--- START ---
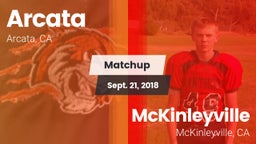 Matchup: Arcata  vs. McKinleyville  2018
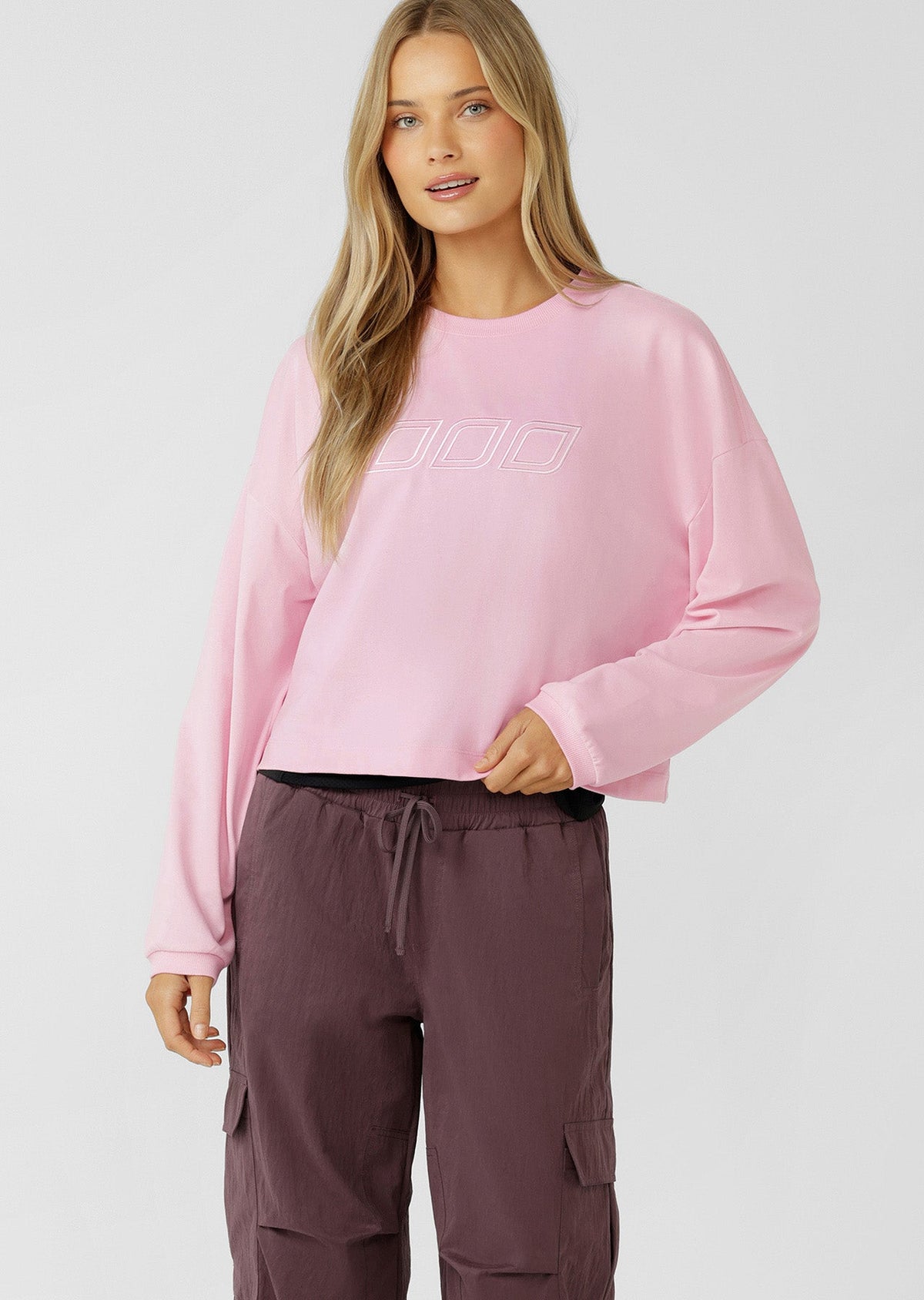 Iconic Go-To Long Sleeve Top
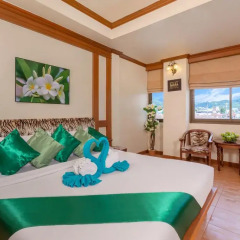 Отель Tiger Inn 3* Улучшенный номер с двуспальной кроватью фото 16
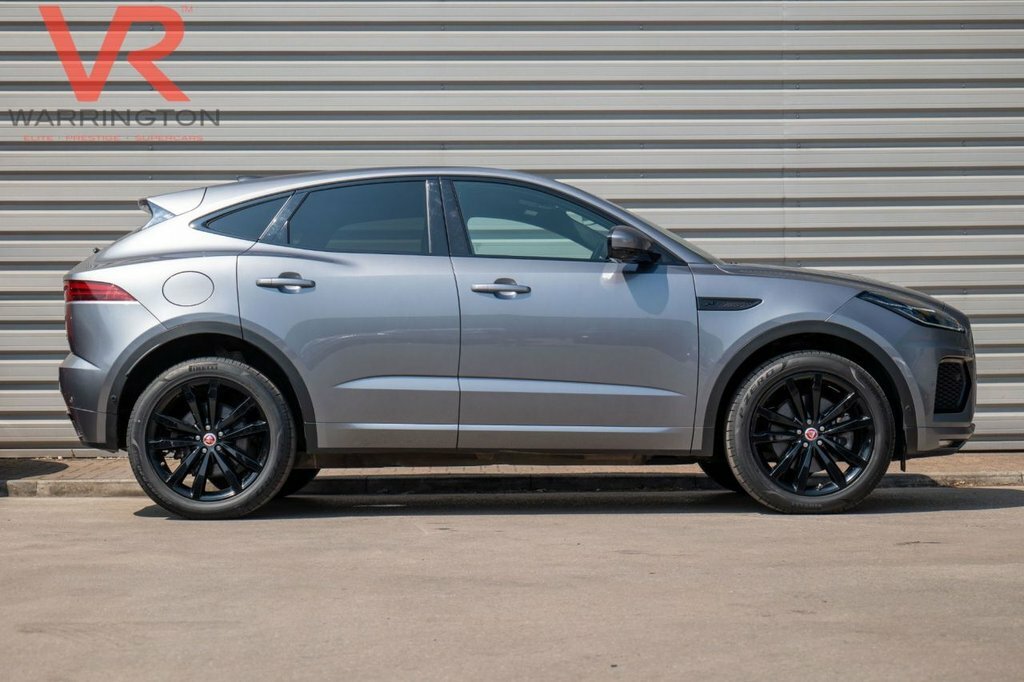 Jaguar E-Pace 1.5L R-dynamic Se Grey #6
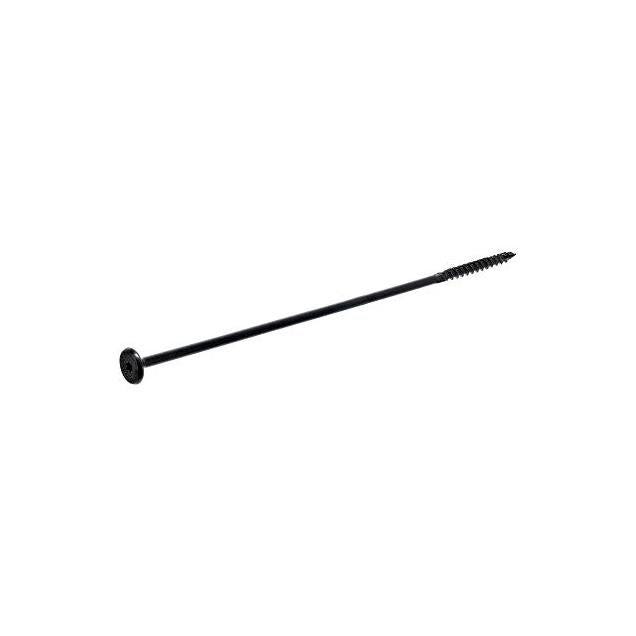 Power Pro LumberTite 1/4 In. x 8 In. Structural Screws (10-Pack)
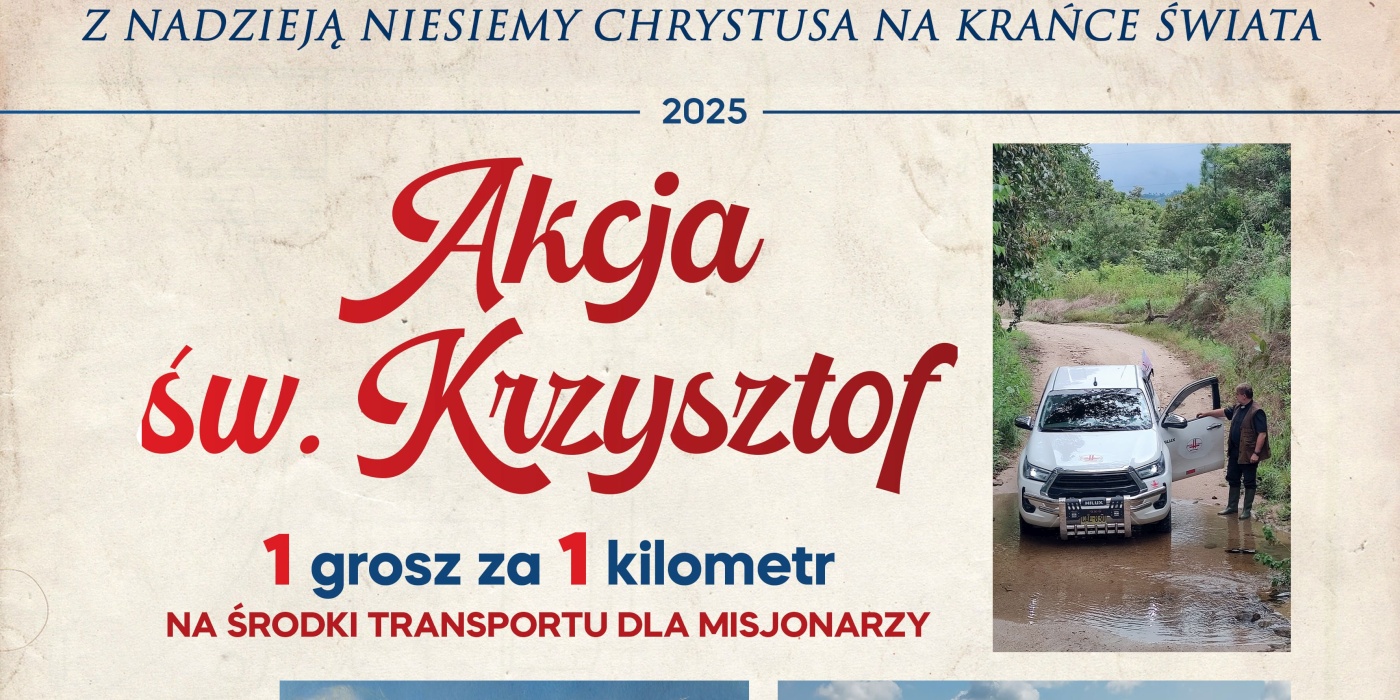Komunikat z okazji XXVI Ogólnopolskiego Tygodnia św. Krzysztofa 2025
--- END ---
- Assigned task
Write out the data exactly, but not its pictures.

- Written answer
 Matchup: Arcata  vs. McKinleyville  2018
 Iconic Go-To Long Sleeve Top
 Отель Tiger Inn 3* Улучшенный номер с двуспальной кроватью фото 16
 Jaguar E-Pace 1.5L R-dynamic Se Grey #6
 Power Pro LumberTite 1/4 In. x 8 In. Structural Screws (10-Pack)
Komunikat z okazji XXVI Ogólnopolskiego Tygodnia św. Krzysztofa 2025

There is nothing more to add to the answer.